Ja, es ist Krise, aber ich habe auch einen Job. Du könntest das auch schaffen. Ich weiß, das ist unfair.
Ich arbeite für ein amerikanisches Unternehmen in Athen. Zuvor hatte ich es natürlich auch im Ausland versucht und wurde bei den Bewerbungsgesprächen diskriminiert. Ob es an meiner griechischen Herkunft liegt? Keine Ahnung, aber mir wurde bei den Absagen erklärt, dass sie Leute suchen, die sich an Orten mit internationalen Institutionen, wie Brüssel oder Wien, besser anpassen können. Absurd!

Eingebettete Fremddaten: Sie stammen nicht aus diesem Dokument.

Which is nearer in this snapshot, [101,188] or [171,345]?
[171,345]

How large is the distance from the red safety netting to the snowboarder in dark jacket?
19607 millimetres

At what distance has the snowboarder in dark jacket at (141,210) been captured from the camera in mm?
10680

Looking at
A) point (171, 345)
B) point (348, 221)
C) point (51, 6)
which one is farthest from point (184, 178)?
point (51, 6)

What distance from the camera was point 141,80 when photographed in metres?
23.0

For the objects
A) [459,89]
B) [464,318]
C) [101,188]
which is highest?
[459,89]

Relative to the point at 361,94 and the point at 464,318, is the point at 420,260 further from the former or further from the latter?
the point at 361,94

Die haben versucht, mir zu erklären, dass jemand von irgendeiner scheiß Uni sich besser in Brüssel anpassen kann. Ich habe in sieben verschiedenen Städten der Welt gelebt und an zwei international sehr namhaften Universitäten studiert. Wahrscheinlich müsste man skandinavischer aussehen. Der Grieche wird in den ausländischen Medien als faul, unkreativ und korrupt porträtiert. Das stimmt aber nicht! Ich habe auch in Frankreich gearbeitet und die Franzosen sind bei der Arbeit keine Spur produktiver oder engagierter als wir Griechen.
Fünfzig Prozent der Griechen in meinem Alter sind arbeitslos. Darunter viele Freunde. Alles hervorragend ausgebildete Leute, die arbeiten wollen. Manche beginnen jetzt ein weiteres Studium, andere versuchen einen Job im Ausland zu ergattern, was wie gesagt eher schwierig ist. Meine Schwester und ich müssen nicht weggehen, weil wir nicht arbeitslos sind. Glück gehabt.
Denn jeder ist von der Krise betroffen. Ich habe Freunde aus wohlhabenden Familien, die jetzt vor dem Nichts stehen. Diese Leute wissen nicht, wie es ist, arm zu sein, wie man mit wenig auskommt oder überhaupt mit Geld umgeht. Natürlich schämen sie sich!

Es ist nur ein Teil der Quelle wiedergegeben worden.